• [To do]
Show each line in the listing below that contains the word "latest".

• [Task input]
◆ ◆ ◆

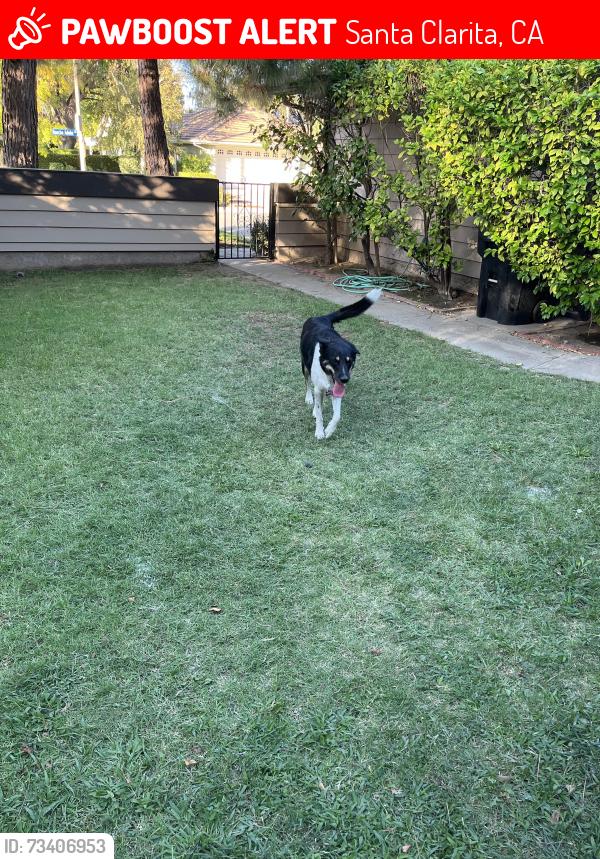 Lost Female Dog last seen Rancho Adobe, Santa Clarita, CA 91355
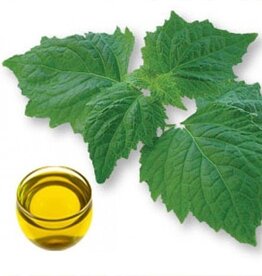 De Groene Linde Huile Essentiele | Patchouli (30 ml)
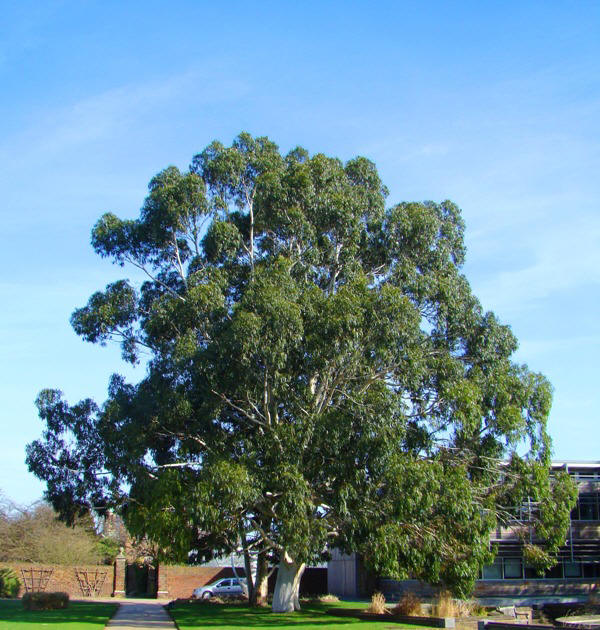 Bjerg-eukalyptus. Eucalyptus dalrympleana. Træform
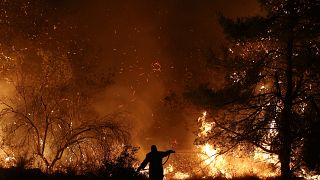 El fuego arrasa la reserva natural de la isla griega de Eubea
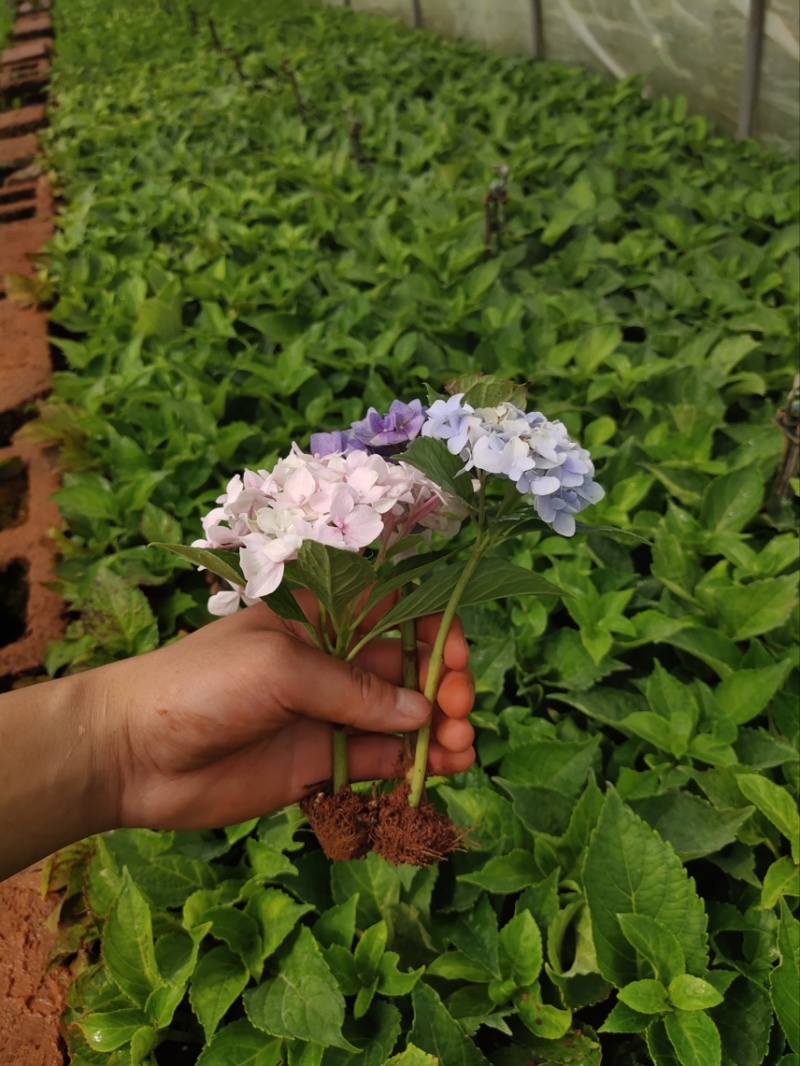 绣球苗又名无尽夏，八仙花基地直供质优价廉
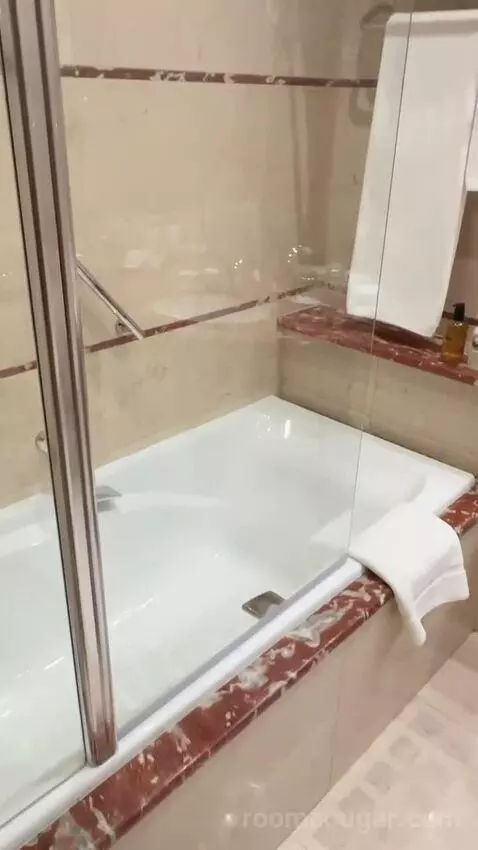 Superior King Room bathroom picture #4
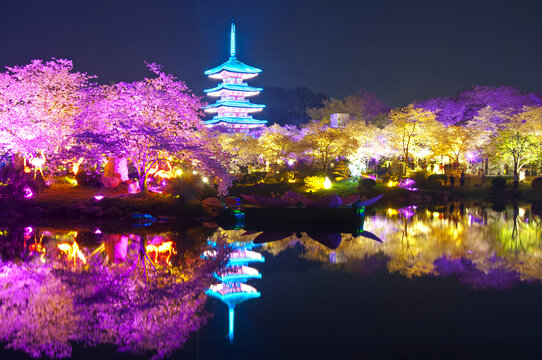 武汉樱花园夜景
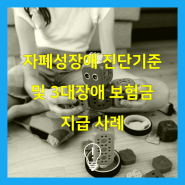 자폐성장애 진단 기준 및 3대장애 보험금 지급 사례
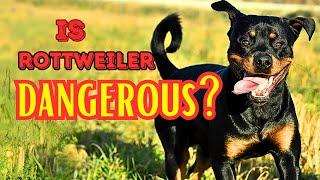 Are Rottweilers Really Aggressive The Truth You Need to Know [upl. by Dupuy388]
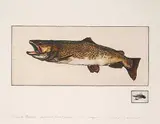 Jack Lee Cowin, Fire Hole Brown [Western Trout Series] #2/100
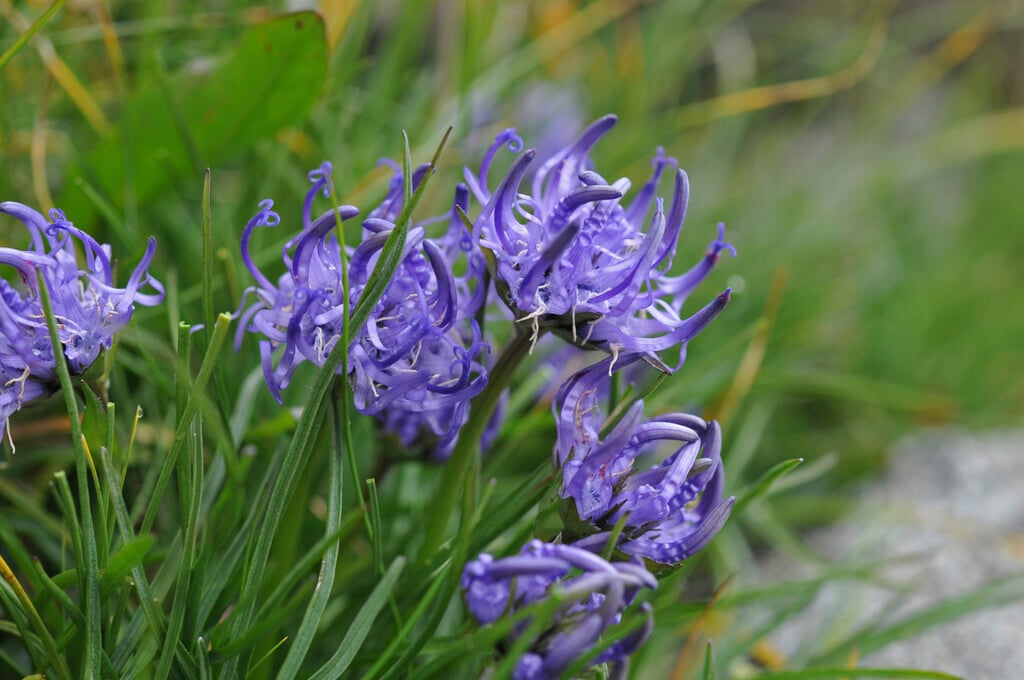 <i>Phyteuma</i> <i>hemisphaericum</i>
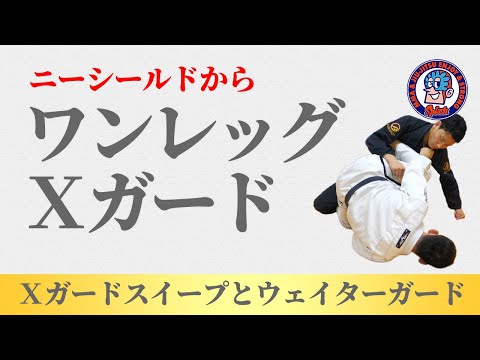 ニーシールドからXガードへ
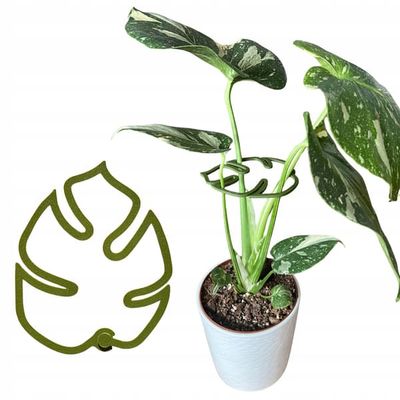Støtte til planter og blomster MONSTERA STRONG Støttegrebslås S 10 cm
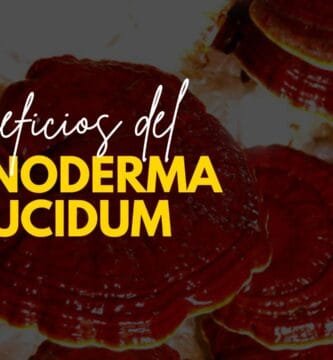 Beneficios del Ganoderma Lucidum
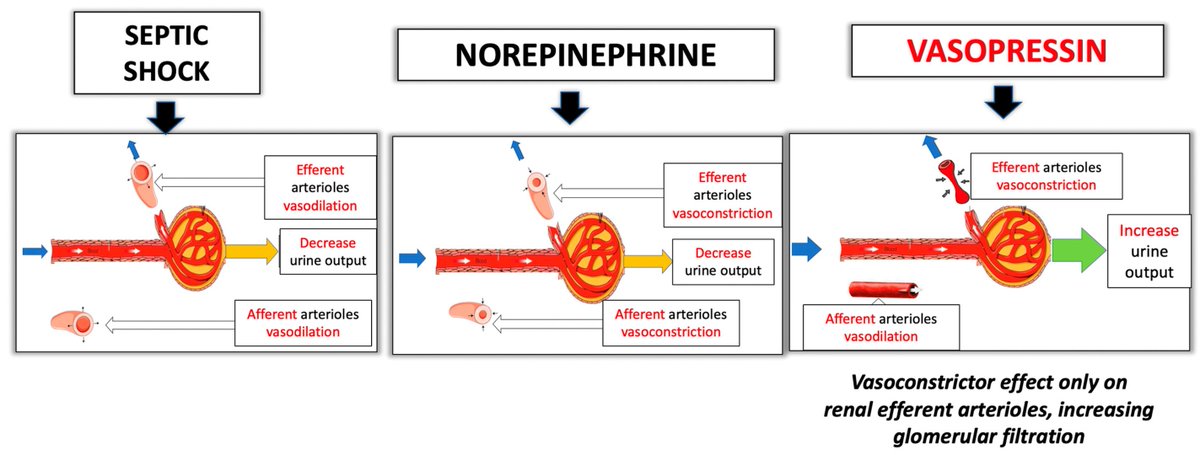 Vasopressin in Sepsis and Other Shock States: State of the Art 

CCR Journal Watch
criticalcarereviews.com/latest-evidenc…

Get the latest critical care literature every weekend via the CCR Newsletter - subscribe at criticalcarereviews.com/newsletters/su…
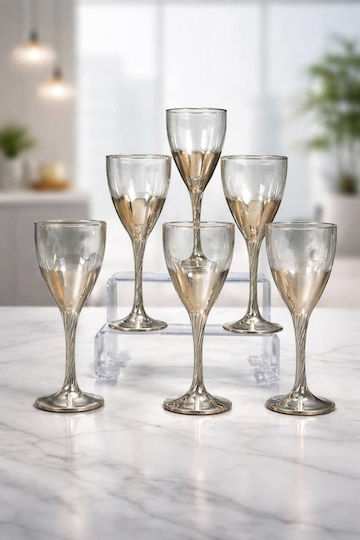 SteweHome Set Brillen Wasser Kelch Kristall Silber 6 Stück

◆ ◆ ◆

• [Written answer]
criticalcarereviews.com/latest-evidenc…
Get the latest critical care literature every weekend via the CCR Newsletter - subscribe at criticalcarereviews.com/newsletters/su…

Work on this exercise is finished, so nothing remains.